The assets are already loaded (since you're viewing the bootstrap demo page), so instead of making a request to another server to generate some sort of compressed file for you, that labor is offloaded to the client.

stu_k · on April 20, 2014

In fact the bootstrap customizer does indeed use JSZip to create the zipped download! See http://getbootstrap.com/assets/js/customize.min.js

nacs · on April 20, 2014

Except you're unnecessarily bogging down the user's browser to a far greater extent (base64 encoding/decoding everything on a possibly underpowered CPU/IO) than the amount of work it would take to do it on the server (pure binary processing on a high end CPU).

I'm guessing Bootstrap can do it because they know most Bootstrap users are developers with decent PCs but for a more mainstream audience, it would be problematic.

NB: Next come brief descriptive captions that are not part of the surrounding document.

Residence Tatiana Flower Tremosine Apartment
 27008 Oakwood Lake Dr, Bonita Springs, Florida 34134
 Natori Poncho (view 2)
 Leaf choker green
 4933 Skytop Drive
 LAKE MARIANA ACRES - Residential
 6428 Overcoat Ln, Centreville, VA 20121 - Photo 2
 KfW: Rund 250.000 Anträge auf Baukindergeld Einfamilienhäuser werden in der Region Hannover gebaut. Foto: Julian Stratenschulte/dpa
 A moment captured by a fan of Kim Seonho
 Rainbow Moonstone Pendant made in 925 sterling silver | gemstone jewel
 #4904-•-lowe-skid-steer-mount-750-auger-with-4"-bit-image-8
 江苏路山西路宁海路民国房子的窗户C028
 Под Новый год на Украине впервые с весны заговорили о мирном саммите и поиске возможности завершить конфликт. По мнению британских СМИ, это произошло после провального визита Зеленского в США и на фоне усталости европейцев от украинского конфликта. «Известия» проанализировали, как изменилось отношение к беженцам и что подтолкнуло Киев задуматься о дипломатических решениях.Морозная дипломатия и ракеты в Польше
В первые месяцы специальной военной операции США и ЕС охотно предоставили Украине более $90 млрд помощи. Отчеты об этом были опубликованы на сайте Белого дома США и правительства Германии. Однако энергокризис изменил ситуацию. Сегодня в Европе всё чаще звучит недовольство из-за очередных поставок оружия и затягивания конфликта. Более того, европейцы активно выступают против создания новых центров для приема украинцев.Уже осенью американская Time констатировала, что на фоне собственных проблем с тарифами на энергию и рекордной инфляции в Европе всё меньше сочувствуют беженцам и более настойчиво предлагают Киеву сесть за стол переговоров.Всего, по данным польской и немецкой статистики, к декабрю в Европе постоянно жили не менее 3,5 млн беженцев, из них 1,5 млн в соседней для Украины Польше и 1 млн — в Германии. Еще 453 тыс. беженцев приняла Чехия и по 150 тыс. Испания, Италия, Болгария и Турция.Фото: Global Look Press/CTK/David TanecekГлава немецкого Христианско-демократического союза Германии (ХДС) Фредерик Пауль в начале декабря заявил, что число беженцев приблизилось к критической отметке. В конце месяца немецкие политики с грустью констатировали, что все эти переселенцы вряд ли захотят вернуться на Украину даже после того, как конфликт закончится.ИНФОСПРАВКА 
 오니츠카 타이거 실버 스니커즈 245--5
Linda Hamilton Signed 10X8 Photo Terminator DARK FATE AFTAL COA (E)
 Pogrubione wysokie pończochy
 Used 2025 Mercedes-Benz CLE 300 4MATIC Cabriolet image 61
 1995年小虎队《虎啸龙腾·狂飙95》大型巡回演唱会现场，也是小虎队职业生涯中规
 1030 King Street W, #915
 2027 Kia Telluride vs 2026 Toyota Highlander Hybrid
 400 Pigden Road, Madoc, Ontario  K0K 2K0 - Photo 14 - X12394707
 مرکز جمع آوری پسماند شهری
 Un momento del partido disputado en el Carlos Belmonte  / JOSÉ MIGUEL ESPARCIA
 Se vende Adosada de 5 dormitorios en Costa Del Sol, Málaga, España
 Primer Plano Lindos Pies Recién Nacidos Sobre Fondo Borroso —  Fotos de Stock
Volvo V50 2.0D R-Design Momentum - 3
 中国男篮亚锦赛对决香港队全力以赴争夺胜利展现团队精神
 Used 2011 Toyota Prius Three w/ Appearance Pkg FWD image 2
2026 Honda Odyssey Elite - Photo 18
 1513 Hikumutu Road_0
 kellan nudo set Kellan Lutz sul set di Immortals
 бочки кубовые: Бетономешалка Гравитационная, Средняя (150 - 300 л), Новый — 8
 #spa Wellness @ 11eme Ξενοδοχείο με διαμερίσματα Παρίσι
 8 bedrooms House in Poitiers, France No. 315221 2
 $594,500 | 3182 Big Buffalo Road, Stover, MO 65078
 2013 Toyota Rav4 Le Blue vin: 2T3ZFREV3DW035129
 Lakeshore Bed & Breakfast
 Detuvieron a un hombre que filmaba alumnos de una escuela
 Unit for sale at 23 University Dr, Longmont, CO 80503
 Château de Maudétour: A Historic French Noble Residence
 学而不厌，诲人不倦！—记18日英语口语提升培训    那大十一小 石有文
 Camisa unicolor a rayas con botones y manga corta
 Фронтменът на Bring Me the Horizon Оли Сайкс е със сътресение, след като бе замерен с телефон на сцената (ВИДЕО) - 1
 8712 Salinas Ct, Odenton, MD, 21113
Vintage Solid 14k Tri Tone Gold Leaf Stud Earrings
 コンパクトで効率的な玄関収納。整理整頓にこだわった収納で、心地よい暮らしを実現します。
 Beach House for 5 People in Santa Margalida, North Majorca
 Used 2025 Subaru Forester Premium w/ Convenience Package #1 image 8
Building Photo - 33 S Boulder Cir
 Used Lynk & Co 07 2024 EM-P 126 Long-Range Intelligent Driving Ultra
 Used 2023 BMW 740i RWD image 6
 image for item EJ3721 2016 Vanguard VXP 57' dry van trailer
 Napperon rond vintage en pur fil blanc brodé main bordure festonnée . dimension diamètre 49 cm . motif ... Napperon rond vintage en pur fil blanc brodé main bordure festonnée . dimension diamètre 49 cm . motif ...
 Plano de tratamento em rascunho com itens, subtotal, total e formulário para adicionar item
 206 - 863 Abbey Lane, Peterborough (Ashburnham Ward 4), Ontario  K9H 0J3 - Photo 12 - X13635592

kalleboo · on April 20, 2014

Have you used Mega.com? It does in-browser (JavaScript) encryption of uploads and downloads. And I can still hit 5 MB/s throughput. JavaScript can handle Zip compression easily.

For most users, bandwidth is in shorter supply than CPU. Especially on mobile (your constrained CPU/IO case), where people are using 3G or worse, which is often even billed by the MB.

TD-Linux · on April 20, 2014

Except that most clients are ridiculously overpowered compared to a heavily loaded server. Even the slowest 1.3ghz core 2 duo is better than a high end xeon if there are 10 users at one time.

TheZenPsycho · on April 20, 2014

Once again, a hacker news commenter's idea of what in browser javascript performance is like is ridiculously 15 years out of date.

It's 2014 now. Your iphone is 10 times faster than your 1998 pentium 2. Even with the JS vm penalty.

Unless you're zipping 70mb files, there's no chance you're overwhelming anyone's browser.

The usecase for this is the same you'd have for any desktop application: A handy "binary file format" library. Data portability wins.

lmz · on April 20, 2014

It seems that the data to be zipped is also on the client side (e.g. a color scheme designer tool that wants to bundle some css files and a background image). If the alternative is sending the uncompressed data back to the server and having the server bundle them up into a zip, this approach saves bandwidth.

clxl · on April 20, 2014

Atwood's law in action

collyw · on April 20, 2014

Is this really news? Almost every server side language out there will have a zip library, and I doubt any of those got mentioned on HN.

kalleboo · on April 20, 2014

Server-side languages, yes. There are lots of those, so each one doesn't impact many. But there's only one client-side language on the web, so it impacts everyone.

collyw · on April 21, 2014

So we are reporting it just because it is JavaScript.

avmich · on April 22, 2014

Yes. JavaScript is lingua franca of the Web, so it may be important to have a particular functionality implemented in JavaScript.

This way, if you, say, want to take a part of the program and use it elsewhere, you have the advantage of the same language. If you want to ask a question about the program, you can count on other people knowing the language. If you want to illustrate something using a program, you have a common ground here.